◆ **What you have to do**: The required output is the exact run of lines from the one that contains "Spacey Seattle Ronde" to the end of the data, with every picture left out.

◆ **Dataset**:
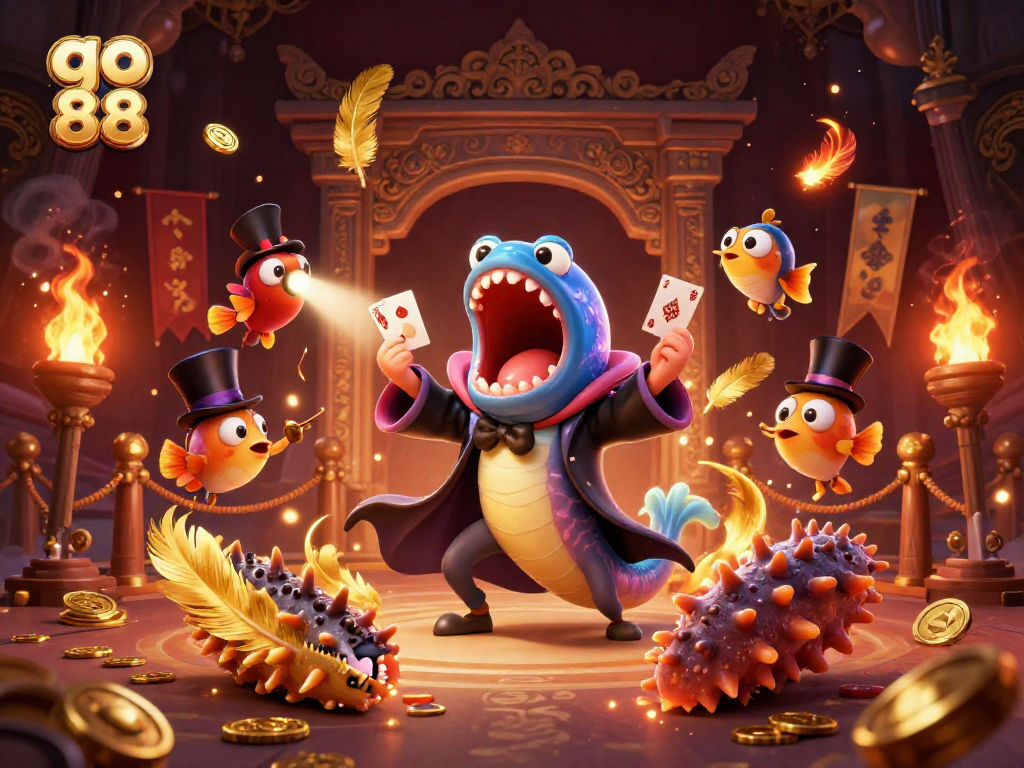 Experience go 88's magic with a bioluminescent eel performing card tricks in a vibrant casino setting.
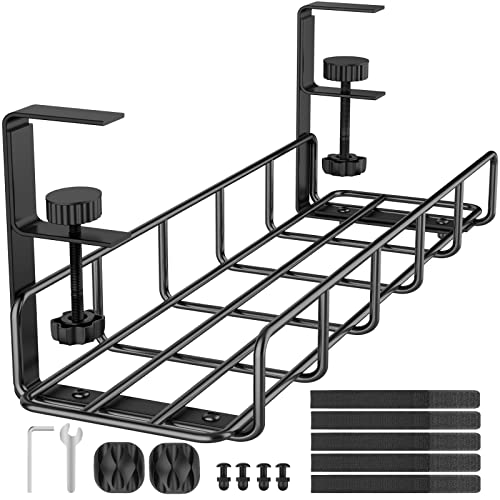 Under Desk Cable Management Tray, 15.7'' No Drill Steel Desk Cable Organizers, Wire Management Tray Cable Management Rack, Desk Cable Tray with Wire Organizer and Desk Cord Organizer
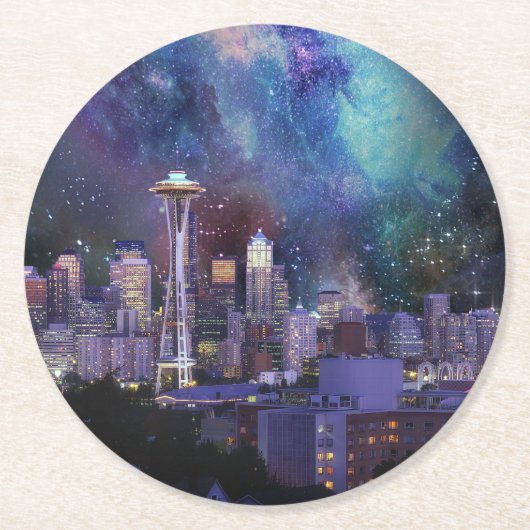 Spacey Seattle Ronde Kartonnen Onderzetter (Voorkant)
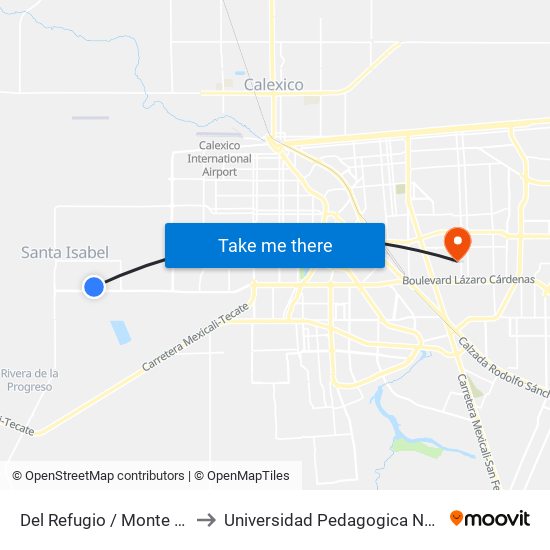 Del Refugio / Monte Xanic to Universidad Pedagogica Nacional map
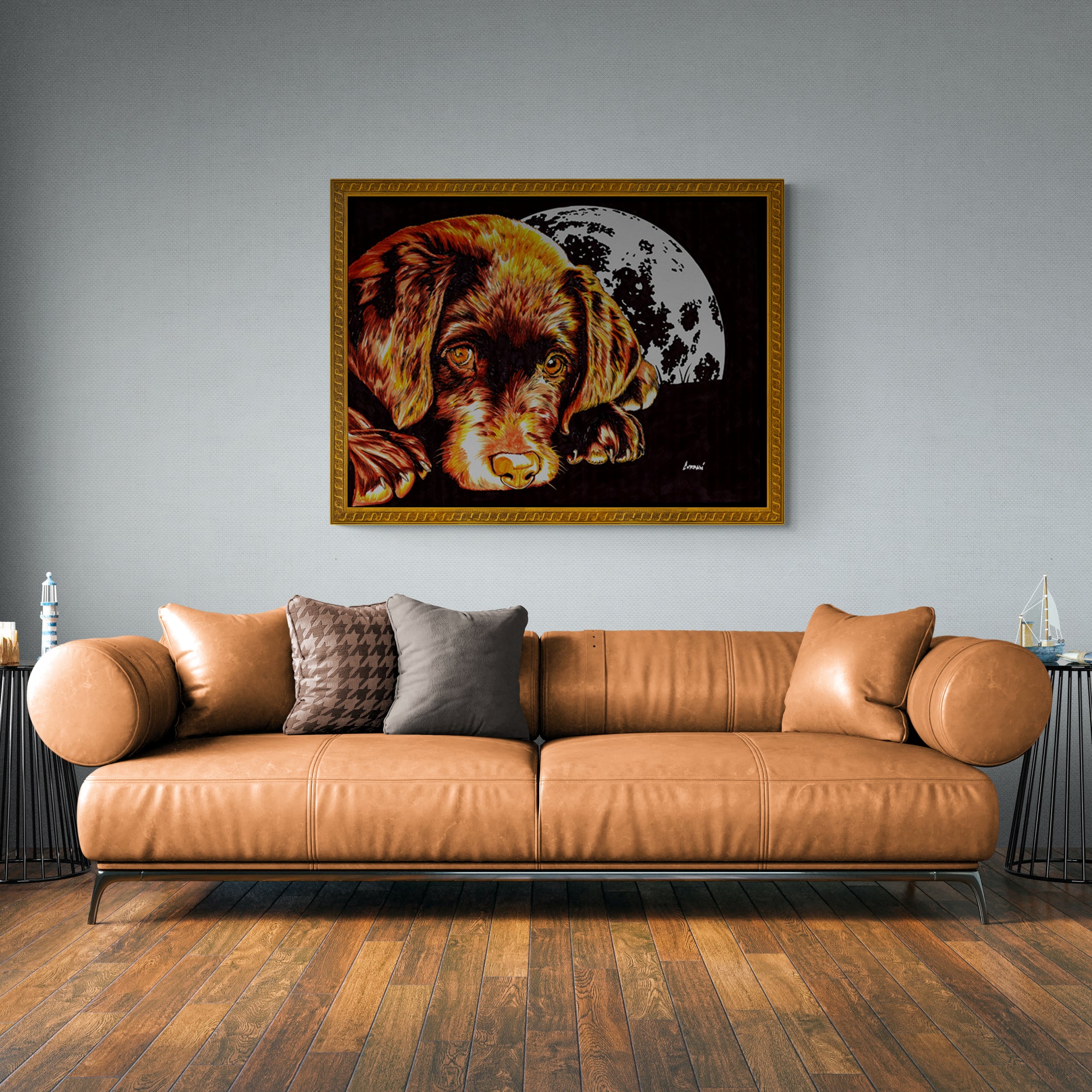 Chocolate Lab Puppy in the Moonlight Wall Art Poster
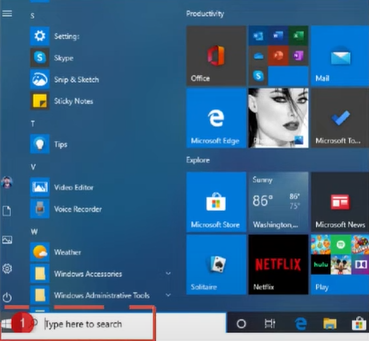 navigate to the Start menu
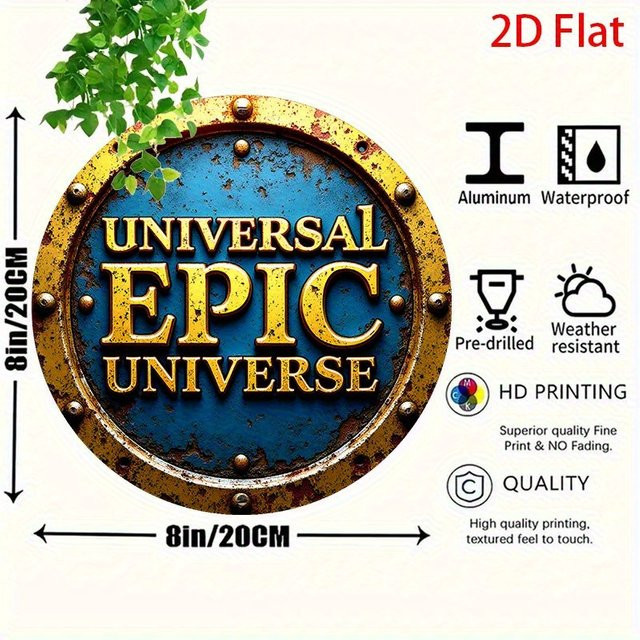 Potdemiel Rundes Vintage Wanddekorschild Episches Universum in Blau und Gold, Durchmesser: 20 cm - Bild 1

◆ **The answer**:
 Spacey Seattle Ronde Kartonnen Onderzetter (Voorkant)
 Del Refugio / Monte Xanic to Universidad Pedagogica Nacional map
 Chocolate Lab Puppy in the Moonlight Wall Art Poster
 navigate to the Start menu
 Potdemiel Rundes Vintage Wanddekorschild Episches Universum in Blau und Gold, Durchmesser: 20 cm - Bild 1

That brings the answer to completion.